===== INPUT DATA

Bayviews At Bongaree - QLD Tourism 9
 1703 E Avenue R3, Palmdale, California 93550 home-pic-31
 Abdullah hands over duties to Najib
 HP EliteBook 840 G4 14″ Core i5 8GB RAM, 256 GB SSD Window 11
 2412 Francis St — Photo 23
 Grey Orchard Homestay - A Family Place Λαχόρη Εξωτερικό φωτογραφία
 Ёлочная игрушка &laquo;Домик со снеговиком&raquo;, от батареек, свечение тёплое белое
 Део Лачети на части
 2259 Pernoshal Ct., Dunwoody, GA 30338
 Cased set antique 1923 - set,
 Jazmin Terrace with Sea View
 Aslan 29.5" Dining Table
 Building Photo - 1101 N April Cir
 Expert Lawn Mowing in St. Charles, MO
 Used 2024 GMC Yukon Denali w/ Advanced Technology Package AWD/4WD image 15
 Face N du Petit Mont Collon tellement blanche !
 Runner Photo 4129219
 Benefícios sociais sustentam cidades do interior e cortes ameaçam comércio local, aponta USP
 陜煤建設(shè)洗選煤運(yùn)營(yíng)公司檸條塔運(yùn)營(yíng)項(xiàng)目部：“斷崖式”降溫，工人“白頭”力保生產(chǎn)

==========

TASK TO CARRY OUT: Having gone through the data above, repeat it exactly.

TASK RESULT:
Bayviews At Bongaree - QLD Tourism 9
 1703 E Avenue R3, Palmdale, California 93550 home-pic-31
 Abdullah hands over duties to Najib
 HP EliteBook 840 G4 14″ Core i5 8GB RAM, 256 GB SSD Window 11
 2412 Francis St — Photo 23
 Grey Orchard Homestay - A Family Place Λαχόρη Εξωτερικό φωτογραφία
 Ёлочная игрушка &laquo;Домик со снеговиком&raquo;, от батареек, свечение тёплое белое
 Део Лачети на части
 2259 Pernoshal Ct., Dunwoody, GA 30338
 Cased set antique 1923 - set,
 Jazmin Terrace with Sea View
 Aslan 29.5" Dining Table
 Building Photo - 1101 N April Cir
 Expert Lawn Mowing in St. Charles, MO
 Used 2024 GMC Yukon Denali w/ Advanced Technology Package AWD/4WD image 15
 Face N du Petit Mont Collon tellement blanche !
 Runner Photo 4129219
 Benefícios sociais sustentam cidades do interior e cortes ameaçam comércio local, aponta USP
 陜煤建設(shè)洗選煤運(yùn)營(yíng)公司檸條塔運(yùn)營(yíng)項(xiàng)目部：“斷崖式”降溫，工人“白頭”力保生產(chǎn)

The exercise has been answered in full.